Chances of contracting flu or swine flu, or some seasonal influenza are much greater than the chances of getting the new Coronavirus. Consequently, if you have some variant of flu, then it might not be wise to make a beeline for some hospital treating numerous Coronavirus patients, when there is such a place and they have such patients. You are more likely to catch the disease at the hospital than anywhere else in Ukraine.
It is really hard to judge the mortality rate as many if not most who contract it, don't report it or seek medical treatment and only a few flu patients who report having been in China are probably tested with the very few test kits available.
There is a lot of bias in the media, though, because if you consider all forms of influenza, in the U.S., about 64,000 die of influenza each flu season. One person has died of Coronavirus this year, but that justifies a panic and regular flu does not.
Yes, in some form, the Coronavirus will eventually spread everywhere, but:
Any kind of Virus, particularly the sort we are discussing, mutates rapidly, and what eventually will spread successfully in Ukraine or the U.S. will not be the same as what is going on in Wuhan.

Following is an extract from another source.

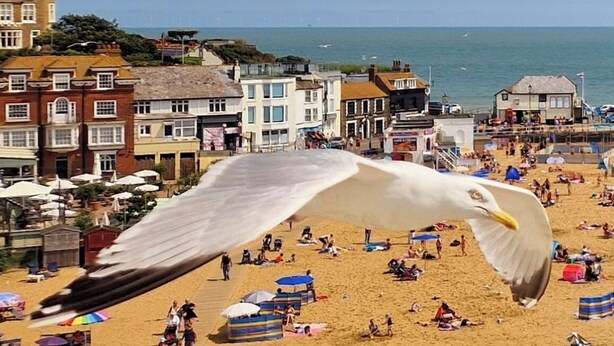 Ein Strand mit Menschen, Sonnenschirmen und Gebäuden im Hintergrund.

A rule of thumb is that viruses can either evolve to be more deadly or they can evolve to be more contagious, but not both. That's because natural selection favors viruses that do not kill their victims. Dead people are not the ideal Typhoid Mary(s) for a virus. So, the virus that killed people in Wuhan is more likely to be contained, and similar versions that are more likely to spread and less likely to kill are more likely to make it to Ukraine or to America. The chances of a weak form dominating, increase with time. So, while we will all get Coronavirus, by the time it gets to us, it is probably going to be weaker. In 1.5 years vaccines will be widely available. Some laboratories have already made test batches of vaccine and will begin testing shortly. Many countries will be testing vaccines within a few weeks. The U.S. has already created a vaccine and it might be rushed to approval in just a year and a half or so. Other countries with less burdensome regulation, like Israel, might have a vaccine on the market, in small batches, in less than six months. Once an even moderately effective vaccine is available to even just the elderly, the crisis is over in the country that distributes it.